Exercise description:
Starting at the line with "Cover image for book Supernatural Cities" and going on through the line with "2021 FORD ECOSPORT TITANIUM — снимка 2", reproduce each line in the records below exactly and nothing more.

(Source data)
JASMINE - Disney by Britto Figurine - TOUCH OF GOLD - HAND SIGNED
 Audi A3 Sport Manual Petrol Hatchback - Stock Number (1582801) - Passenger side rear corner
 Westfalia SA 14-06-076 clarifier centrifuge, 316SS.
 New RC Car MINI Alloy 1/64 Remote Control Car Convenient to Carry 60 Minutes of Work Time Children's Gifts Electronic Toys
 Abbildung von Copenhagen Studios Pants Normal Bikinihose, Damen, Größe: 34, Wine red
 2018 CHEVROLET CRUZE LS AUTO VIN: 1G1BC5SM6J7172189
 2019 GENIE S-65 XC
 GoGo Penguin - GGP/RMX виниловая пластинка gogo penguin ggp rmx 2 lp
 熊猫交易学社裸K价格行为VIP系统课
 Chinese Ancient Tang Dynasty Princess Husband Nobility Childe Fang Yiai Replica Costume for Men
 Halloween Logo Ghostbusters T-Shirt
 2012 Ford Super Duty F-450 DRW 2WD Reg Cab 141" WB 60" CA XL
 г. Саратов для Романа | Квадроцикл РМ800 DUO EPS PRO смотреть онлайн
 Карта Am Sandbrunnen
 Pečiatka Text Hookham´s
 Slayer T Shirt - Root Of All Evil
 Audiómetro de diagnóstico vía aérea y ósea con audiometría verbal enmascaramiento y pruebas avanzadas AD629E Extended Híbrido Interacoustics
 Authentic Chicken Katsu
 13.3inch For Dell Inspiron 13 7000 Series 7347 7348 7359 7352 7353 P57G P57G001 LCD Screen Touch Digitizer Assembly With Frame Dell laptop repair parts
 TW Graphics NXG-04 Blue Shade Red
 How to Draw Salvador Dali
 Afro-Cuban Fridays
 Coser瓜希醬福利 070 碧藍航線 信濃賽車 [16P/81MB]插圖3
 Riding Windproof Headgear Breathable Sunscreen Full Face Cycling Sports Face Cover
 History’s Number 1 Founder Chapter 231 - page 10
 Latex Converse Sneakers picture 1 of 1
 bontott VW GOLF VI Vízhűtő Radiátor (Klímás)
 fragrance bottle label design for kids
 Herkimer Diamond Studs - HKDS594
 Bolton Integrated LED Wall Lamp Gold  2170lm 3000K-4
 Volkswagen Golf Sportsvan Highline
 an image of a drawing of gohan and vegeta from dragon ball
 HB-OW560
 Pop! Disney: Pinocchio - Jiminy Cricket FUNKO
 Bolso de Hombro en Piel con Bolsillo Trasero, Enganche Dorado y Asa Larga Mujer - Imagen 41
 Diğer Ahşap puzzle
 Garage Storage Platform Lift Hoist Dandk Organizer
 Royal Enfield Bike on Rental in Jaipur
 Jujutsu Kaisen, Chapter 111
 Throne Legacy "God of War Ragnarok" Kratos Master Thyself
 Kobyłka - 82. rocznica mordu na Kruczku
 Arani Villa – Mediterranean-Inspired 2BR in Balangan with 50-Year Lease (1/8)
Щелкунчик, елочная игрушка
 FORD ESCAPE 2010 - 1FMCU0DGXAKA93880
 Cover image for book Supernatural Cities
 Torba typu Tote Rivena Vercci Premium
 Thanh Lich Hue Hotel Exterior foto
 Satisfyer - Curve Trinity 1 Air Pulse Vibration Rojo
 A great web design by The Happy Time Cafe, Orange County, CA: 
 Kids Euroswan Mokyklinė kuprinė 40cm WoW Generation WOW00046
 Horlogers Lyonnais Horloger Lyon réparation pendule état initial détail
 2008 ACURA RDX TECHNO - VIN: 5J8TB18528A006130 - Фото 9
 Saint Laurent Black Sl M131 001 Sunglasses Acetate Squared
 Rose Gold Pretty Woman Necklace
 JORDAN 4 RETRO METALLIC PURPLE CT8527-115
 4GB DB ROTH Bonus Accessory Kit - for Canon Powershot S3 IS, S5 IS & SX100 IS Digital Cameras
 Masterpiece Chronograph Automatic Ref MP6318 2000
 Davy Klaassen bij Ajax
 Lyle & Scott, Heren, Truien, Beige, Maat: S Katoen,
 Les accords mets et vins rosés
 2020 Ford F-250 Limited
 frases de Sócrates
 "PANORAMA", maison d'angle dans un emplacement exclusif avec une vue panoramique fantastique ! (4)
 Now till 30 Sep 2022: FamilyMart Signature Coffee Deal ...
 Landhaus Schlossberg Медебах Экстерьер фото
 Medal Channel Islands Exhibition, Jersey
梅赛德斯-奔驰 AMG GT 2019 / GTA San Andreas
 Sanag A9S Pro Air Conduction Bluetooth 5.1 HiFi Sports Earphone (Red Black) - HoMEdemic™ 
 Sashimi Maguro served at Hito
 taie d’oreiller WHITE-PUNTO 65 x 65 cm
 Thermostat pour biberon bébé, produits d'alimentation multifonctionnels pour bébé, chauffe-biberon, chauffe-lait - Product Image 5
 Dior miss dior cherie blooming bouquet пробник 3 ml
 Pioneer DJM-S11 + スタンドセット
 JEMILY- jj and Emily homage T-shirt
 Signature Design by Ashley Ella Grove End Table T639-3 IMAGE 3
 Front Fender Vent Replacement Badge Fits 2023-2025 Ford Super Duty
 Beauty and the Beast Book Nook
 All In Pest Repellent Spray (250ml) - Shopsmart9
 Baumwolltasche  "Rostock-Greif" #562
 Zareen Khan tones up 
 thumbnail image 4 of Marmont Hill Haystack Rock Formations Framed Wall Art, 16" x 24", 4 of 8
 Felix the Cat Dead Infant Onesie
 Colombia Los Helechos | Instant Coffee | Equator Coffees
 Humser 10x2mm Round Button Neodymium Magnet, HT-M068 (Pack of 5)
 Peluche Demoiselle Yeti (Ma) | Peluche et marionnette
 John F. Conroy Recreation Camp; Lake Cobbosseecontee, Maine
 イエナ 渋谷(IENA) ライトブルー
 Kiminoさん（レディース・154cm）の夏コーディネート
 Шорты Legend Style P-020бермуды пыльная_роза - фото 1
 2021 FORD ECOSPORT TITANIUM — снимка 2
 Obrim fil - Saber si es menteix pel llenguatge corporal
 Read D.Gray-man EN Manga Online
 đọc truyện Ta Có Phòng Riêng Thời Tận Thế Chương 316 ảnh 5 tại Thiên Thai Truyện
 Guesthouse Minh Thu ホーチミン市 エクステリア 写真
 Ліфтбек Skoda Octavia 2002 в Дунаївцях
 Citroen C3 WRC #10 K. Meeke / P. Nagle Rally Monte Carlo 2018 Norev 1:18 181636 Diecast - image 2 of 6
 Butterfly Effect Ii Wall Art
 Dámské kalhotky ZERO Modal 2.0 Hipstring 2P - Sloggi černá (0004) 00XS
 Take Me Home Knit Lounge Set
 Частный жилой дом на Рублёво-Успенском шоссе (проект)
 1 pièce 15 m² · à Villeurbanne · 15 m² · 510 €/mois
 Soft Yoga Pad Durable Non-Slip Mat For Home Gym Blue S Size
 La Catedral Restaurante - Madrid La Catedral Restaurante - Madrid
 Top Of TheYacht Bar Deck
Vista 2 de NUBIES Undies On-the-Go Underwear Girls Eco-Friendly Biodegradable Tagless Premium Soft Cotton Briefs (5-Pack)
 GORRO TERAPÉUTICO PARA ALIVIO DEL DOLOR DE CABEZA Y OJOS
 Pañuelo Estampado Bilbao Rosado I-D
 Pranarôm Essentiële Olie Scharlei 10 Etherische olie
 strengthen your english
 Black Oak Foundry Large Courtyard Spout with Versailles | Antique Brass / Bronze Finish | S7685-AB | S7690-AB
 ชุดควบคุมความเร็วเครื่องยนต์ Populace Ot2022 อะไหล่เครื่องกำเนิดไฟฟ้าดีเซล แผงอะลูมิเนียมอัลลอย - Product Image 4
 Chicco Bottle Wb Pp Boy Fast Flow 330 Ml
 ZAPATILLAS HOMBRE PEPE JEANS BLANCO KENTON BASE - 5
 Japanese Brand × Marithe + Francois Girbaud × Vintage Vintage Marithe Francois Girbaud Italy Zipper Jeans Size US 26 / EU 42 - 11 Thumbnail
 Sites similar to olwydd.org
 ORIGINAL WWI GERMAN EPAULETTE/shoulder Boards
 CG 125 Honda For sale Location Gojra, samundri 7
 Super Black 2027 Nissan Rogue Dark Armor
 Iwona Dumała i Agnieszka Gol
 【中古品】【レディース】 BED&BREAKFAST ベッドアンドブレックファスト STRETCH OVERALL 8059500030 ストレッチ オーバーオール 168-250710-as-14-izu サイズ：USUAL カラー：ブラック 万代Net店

Answer to this problem:
 Cover image for book Supernatural Cities
 Torba typu Tote Rivena Vercci Premium
 Thanh Lich Hue Hotel Exterior foto
 Satisfyer - Curve Trinity 1 Air Pulse Vibration Rojo
 A great web design by The Happy Time Cafe, Orange County, CA: 
 Kids Euroswan Mokyklinė kuprinė 40cm WoW Generation WOW00046
 Horlogers Lyonnais Horloger Lyon réparation pendule état initial détail
 2008 ACURA RDX TECHNO - VIN: 5J8TB18528A006130 - Фото 9
 Saint Laurent Black Sl M131 001 Sunglasses Acetate Squared
 Rose Gold Pretty Woman Necklace
 JORDAN 4 RETRO METALLIC PURPLE CT8527-115
 4GB DB ROTH Bonus Accessory Kit - for Canon Powershot S3 IS, S5 IS & SX100 IS Digital Cameras
 Masterpiece Chronograph Automatic Ref MP6318 2000
 Davy Klaassen bij Ajax
 Lyle & Scott, Heren, Truien, Beige, Maat: S Katoen,
 Les accords mets et vins rosés
 2020 Ford F-250 Limited
 frases de Sócrates
 "PANORAMA", maison d'angle dans un emplacement exclusif avec une vue panoramique fantastique ! (4)
 Now till 30 Sep 2022: FamilyMart Signature Coffee Deal ...
 Landhaus Schlossberg Медебах Экстерьер фото
 Medal Channel Islands Exhibition, Jersey
梅赛德斯-奔驰 AMG GT 2019 / GTA San Andreas
 Sanag A9S Pro Air Conduction Bluetooth 5.1 HiFi Sports Earphone (Red Black) - HoMEdemic™ 
 Sashimi Maguro served at Hito
 taie d’oreiller WHITE-PUNTO 65 x 65 cm
 Thermostat pour biberon bébé, produits d'alimentation multifonctionnels pour bébé, chauffe-biberon, chauffe-lait - Product Image 5
 Dior miss dior cherie blooming bouquet пробник 3 ml
 Pioneer DJM-S11 + スタンドセット
 JEMILY- jj and Emily homage T-shirt
 Signature Design by Ashley Ella Grove End Table T639-3 IMAGE 3
 Front Fender Vent Replacement Badge Fits 2023-2025 Ford Super Duty
 Beauty and the Beast Book Nook
 All In Pest Repellent Spray (250ml) - Shopsmart9
 Baumwolltasche  "Rostock-Greif" #562
 Zareen Khan tones up 
 thumbnail image 4 of Marmont Hill Haystack Rock Formations Framed Wall Art, 16" x 24", 4 of 8
 Felix the Cat Dead Infant Onesie
 Colombia Los Helechos | Instant Coffee | Equator Coffees
 Humser 10x2mm Round Button Neodymium Magnet, HT-M068 (Pack of 5)
 Peluche Demoiselle Yeti (Ma) | Peluche et marionnette
 John F. Conroy Recreation Camp; Lake Cobbosseecontee, Maine
 イエナ 渋谷(IENA) ライトブルー
 Kiminoさん（レディース・154cm）の夏コーディネート
 Шорты Legend Style P-020бермуды пыльная_роза - фото 1
 2021 FORD ECOSPORT TITANIUM — снимка 2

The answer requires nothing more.